I love the concept, but you never developed the part of the story as to why Julie would want to fuck the narrator. You didn't get into it at all. You write a nice sex scene (not hard to do), but a poor story (so common on this site).
2 stars, because you write well. But just a little bit of focus on character development, psychology, motivation, and perhaps why Julie would fuck another man instead of Mark (when they are getting married!) could have made this an awesome story.
Julie had to look around to see who she was fucking. To do otherwise would have been unrealistic.
Good story
Do the other commenters realise that the guy lifted Mark's phone and messaged from that? She didn't know it wasn't the groom. Although I would imagine she may have realised when they started having sex...
A decent short story. Though I imagine Julie would have mentioned it to Mark if she believed it to be him :-P
Implausible garbage
Of course she knew it wasn't her soon to be husband. You don't think a woman would know the man she's been sleeping with? Stupidity runs amok. And you don't think the Groom wouldn't recognize or smell the just fucked look of the woman walking up the aisle? There was no five year anniversary because there was no wedding. The groom called it off and it didn't take long to figure out what happened and who did it. Was a quick fuck worth losing your best friend? Because that's what happened. Ridiculous story. No stars.
Thanks for the comments...
KJane said: "Julie had to look around to see who she was fucking. To do otherwise would have been unrealistic." - You're probably right. But every good fiction story has at least one point where suspension of disbelief is necessary... your objection was the one spot where suspension of disbelief was needed in this story. One of the anonymous posters made similar (though more detailed) comments.

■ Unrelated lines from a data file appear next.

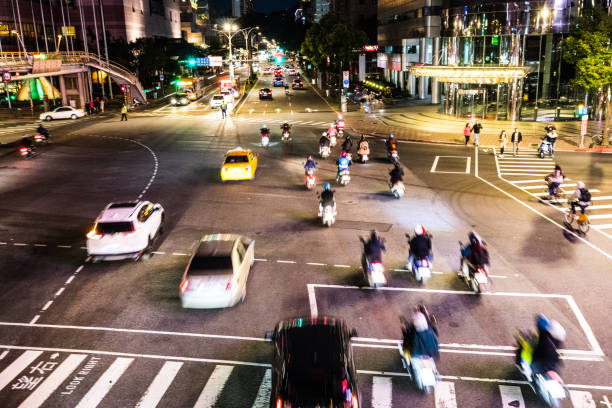 Night traffic at rush hour in downtown Taipei - Taiwan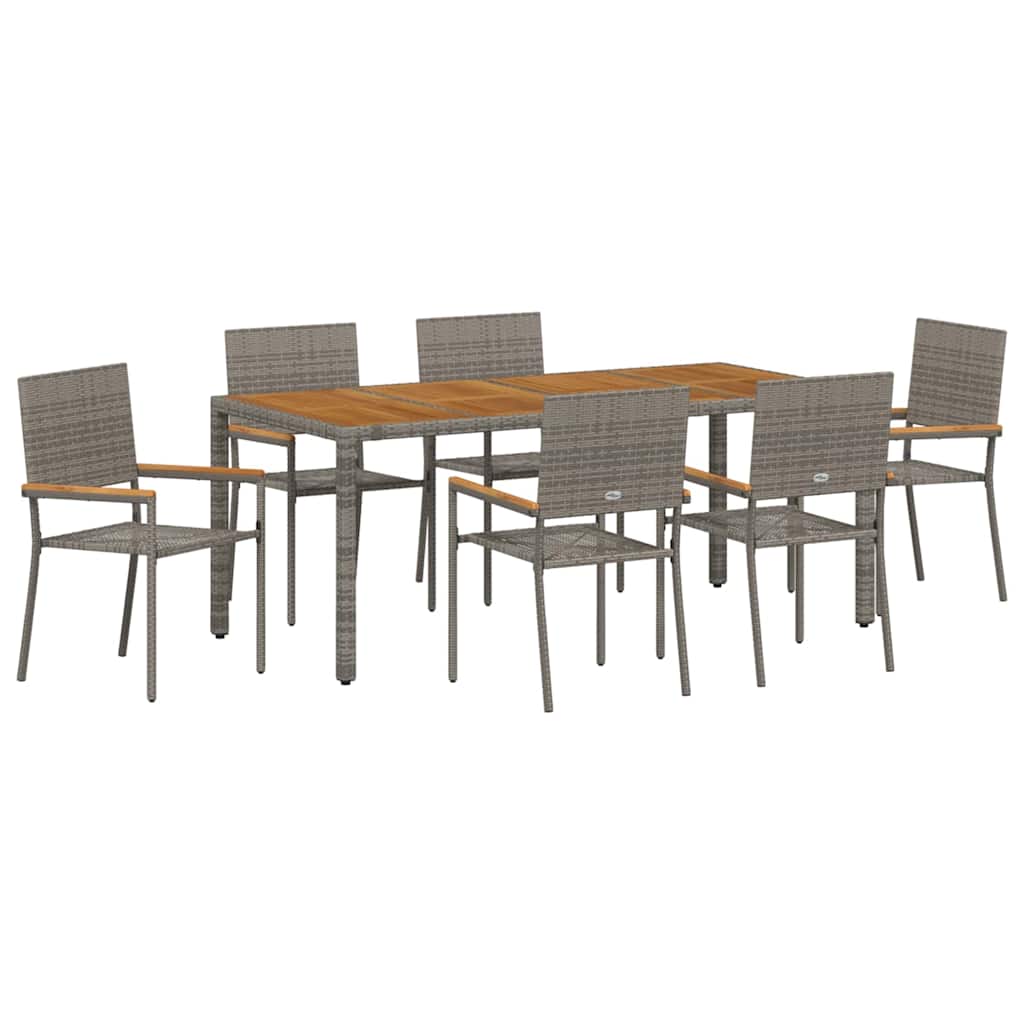 Garden Dining Set 7 pcs Grey Poly Rattan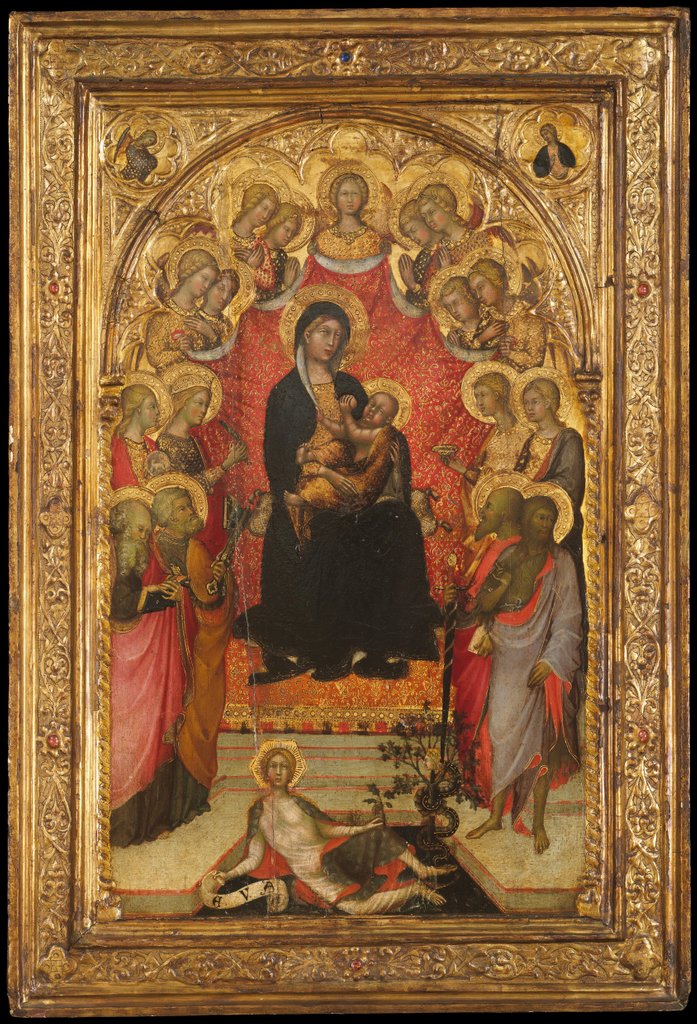 Detail of Madonna and Child Enthroned with Saint John the Evangelist, Saint Peter, Saint Agnes…, c1385-90 by Paolo di Giovanni Fei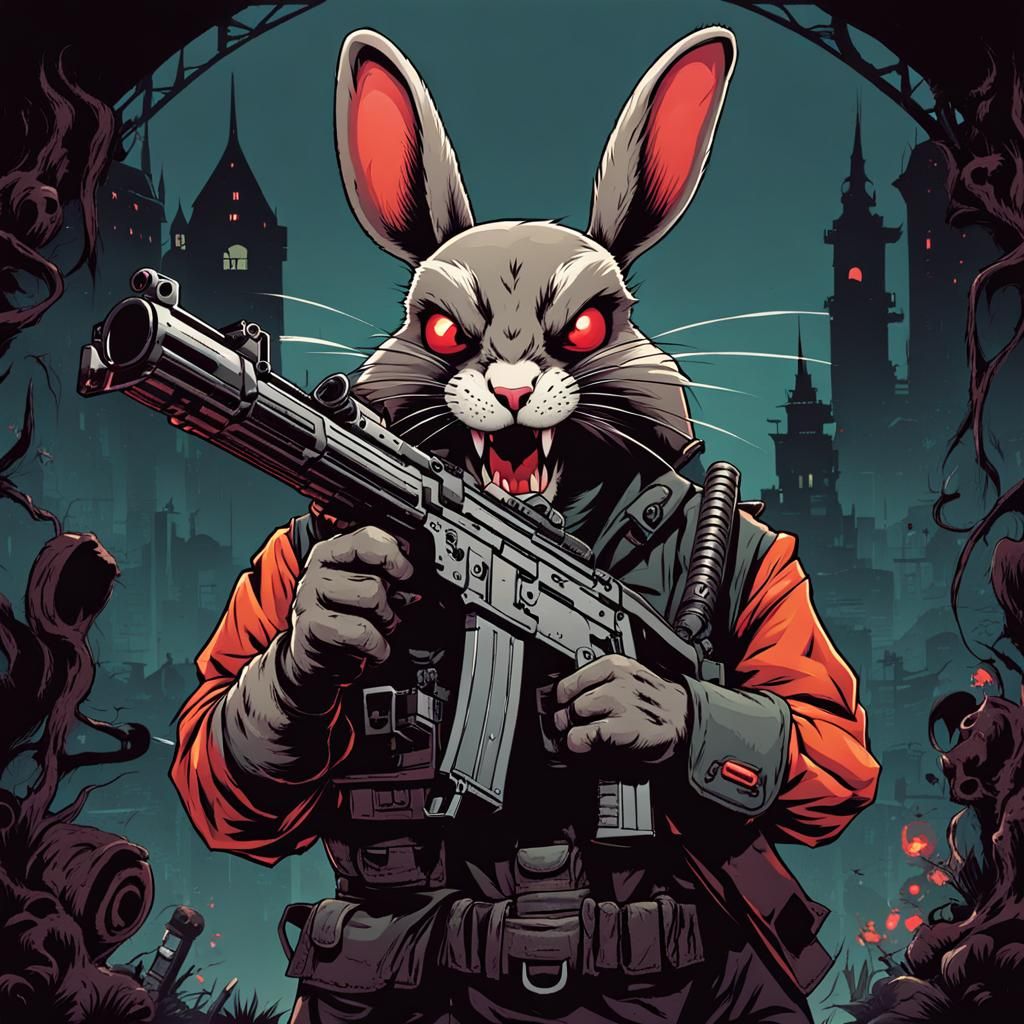Menacing Rabbit Wielding Machine Gun
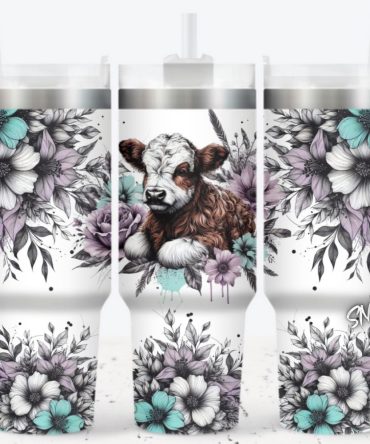 Cow Flower Custom Stanley Quencher 40Oz Stainless Steel Tumbler With Handle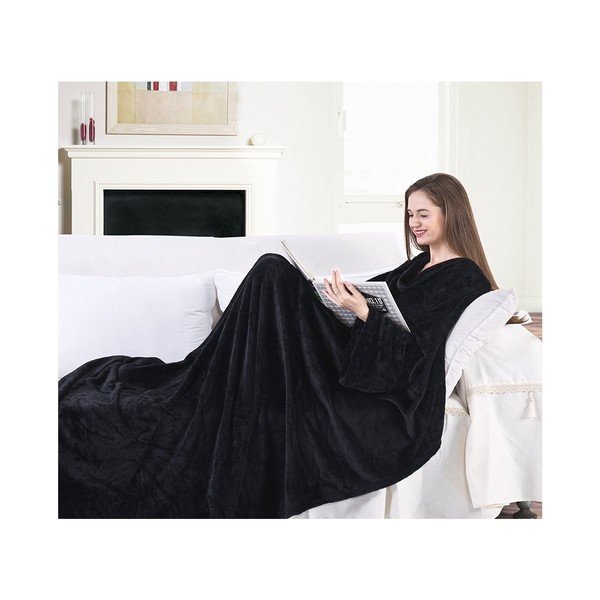 Melna mikrošķiedras TV sega DecoKing Lazy, 200 x 170 cm-image-2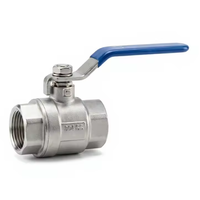 Válvulas de bola de acero inoxidable 316 de 2 vías con rosca NPT hembra, PN16 DN25 1" de paso completo, operación manual para agua, aceite y gas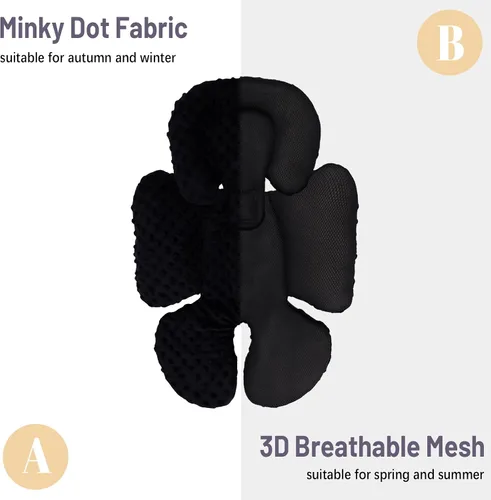 Miniatura 6 de KAKIBLIN Inserto de Asiento de Coche para Bebé, Soporte de Cabeza y Cuerpo para Asiento de Coche para Recién Nacido, Cojín de Asiento de Coche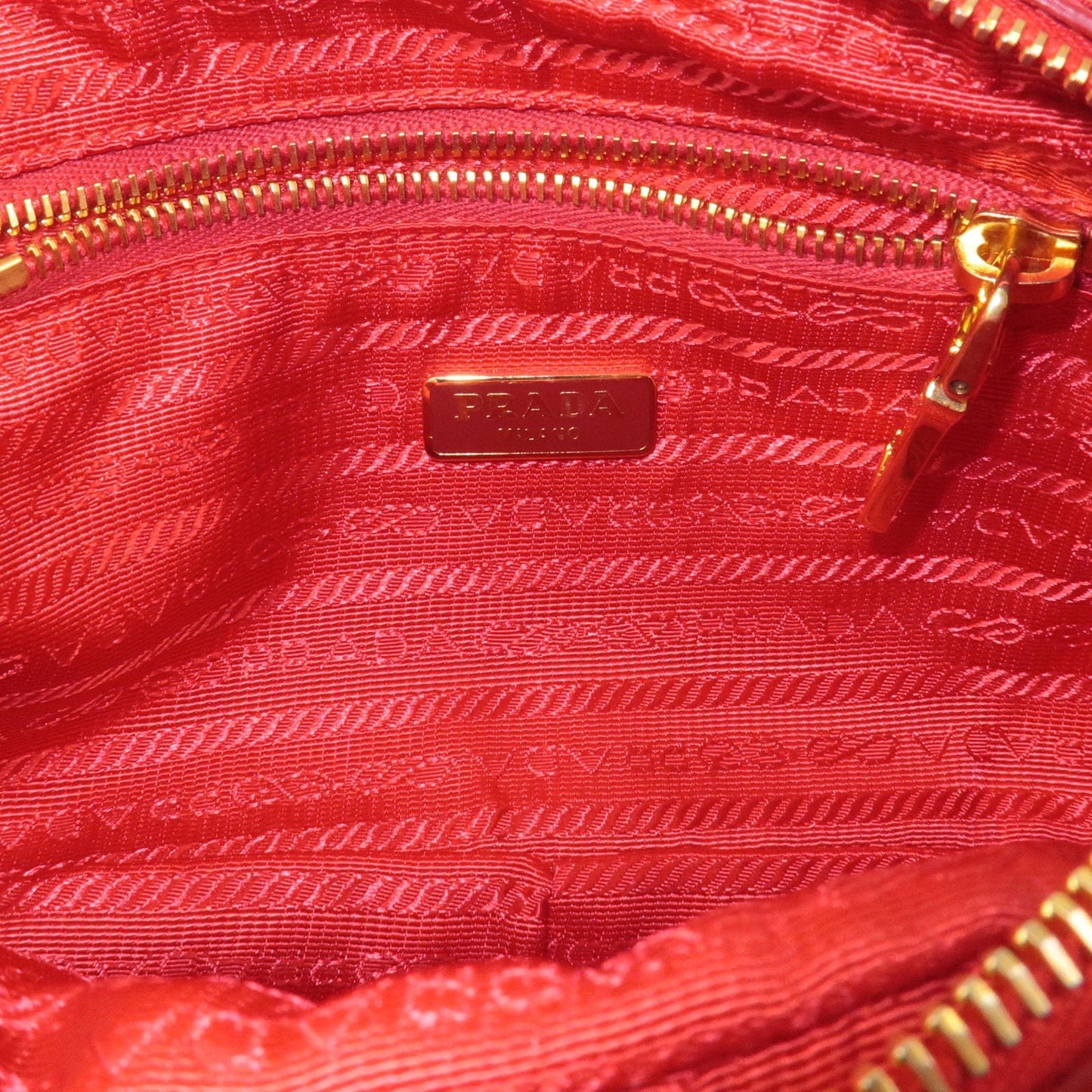 PRADA Logo Nylon Leather Shoulder Bag Crossbody Bag Red BT0773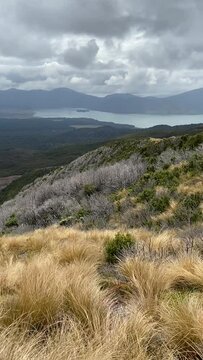 Lande et lac volcanique du parc de Tongariro - Nouvelle Z&eacute;lande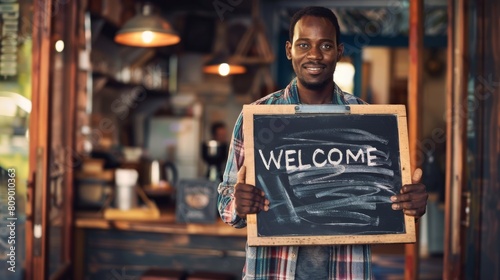 Man Holding a Welcome Sign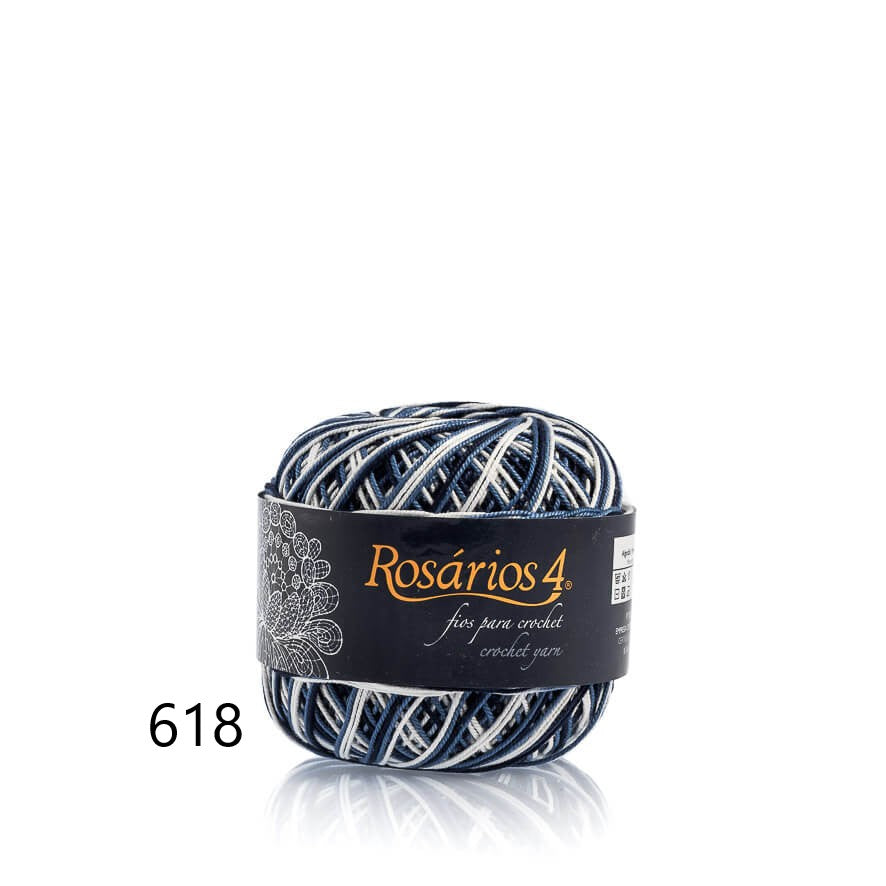 Linhas de Crochet Rosários 4, 50g- Cores Matizadas
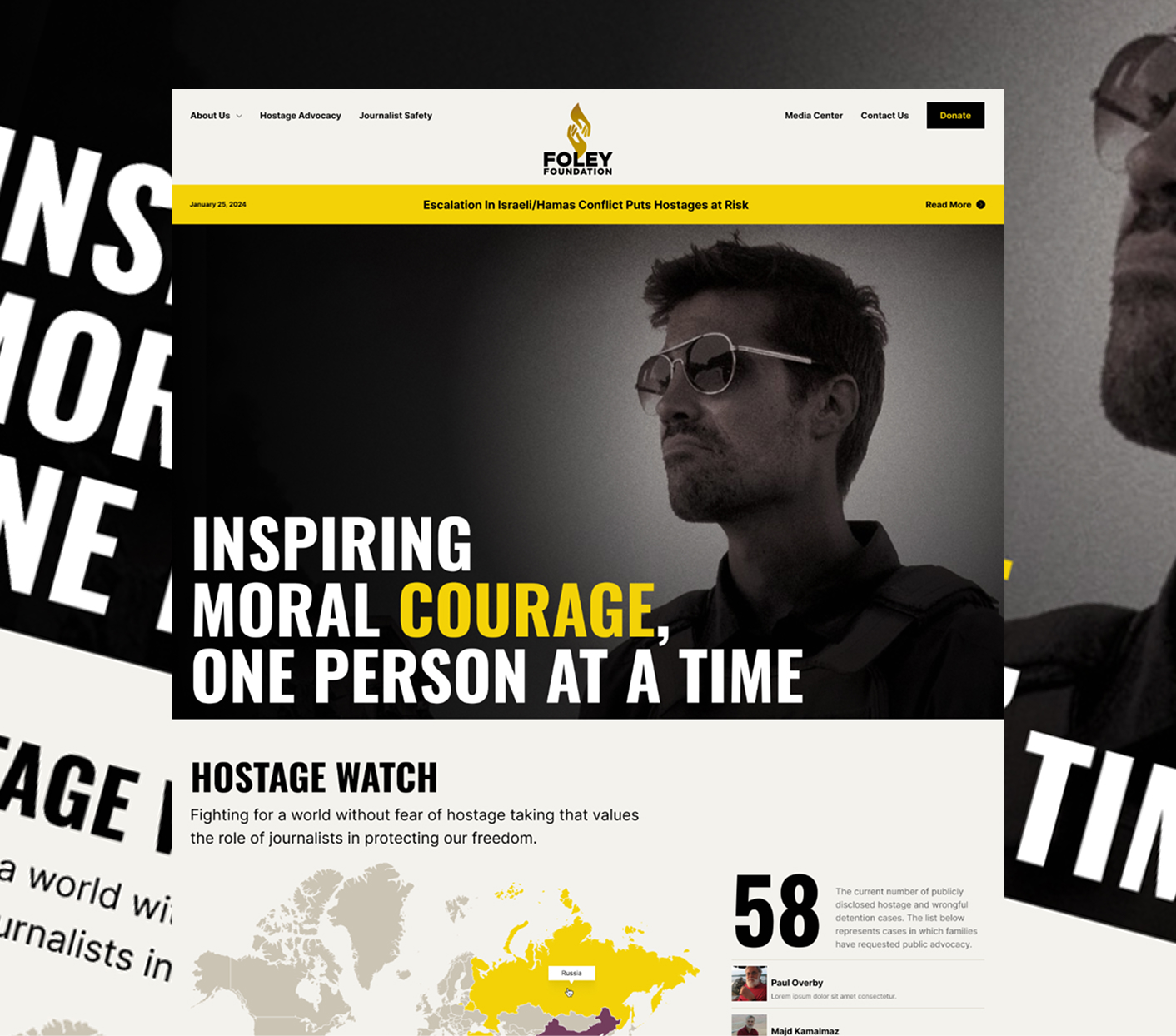 Screenshot from new Foley Foundation website featuring the homepage.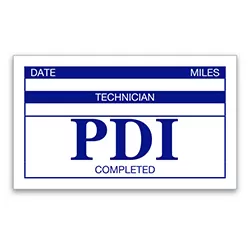 STATIC CLING REMINDERS - P.D.I. COMPLETED BOX OF 100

One anonymous commenter called me a sick'o: "You need professional help before you do something like this again." - You DO understand the concept of "fiction", right? And that the events of a fiction story didn't really happen?
Another anonymous commenter seemed to have missed the major thrust of the story. He/she said: "I love the concept, but you never developed the part of the story as to why Julie would want to fuck the narrator." - She didn't, and she wouldn't have... knowingly. But read the story again, and you'll find that the narrator clearly stole Mark's phone, and she thought he was the groom. Then there's the "Its bad luck for us to see each other before the wedding", which is also clearly only applicable between the bride and groom before the wedding. That's why this story is in the non-consent section... she didn't know it wasn't Mark, the groom.
For those of you who read and enjoyed the story, glad you liked it.
great
great writing and a super fantasy. Thank you,
She should have said something about him being so much smaller than the groom.
Beautiful
Just what I like to read in a cuckold story. Great work!
Great Story
This isn't a documentary! It's a fantasy story like all the others.
Great story, really enjoyed it!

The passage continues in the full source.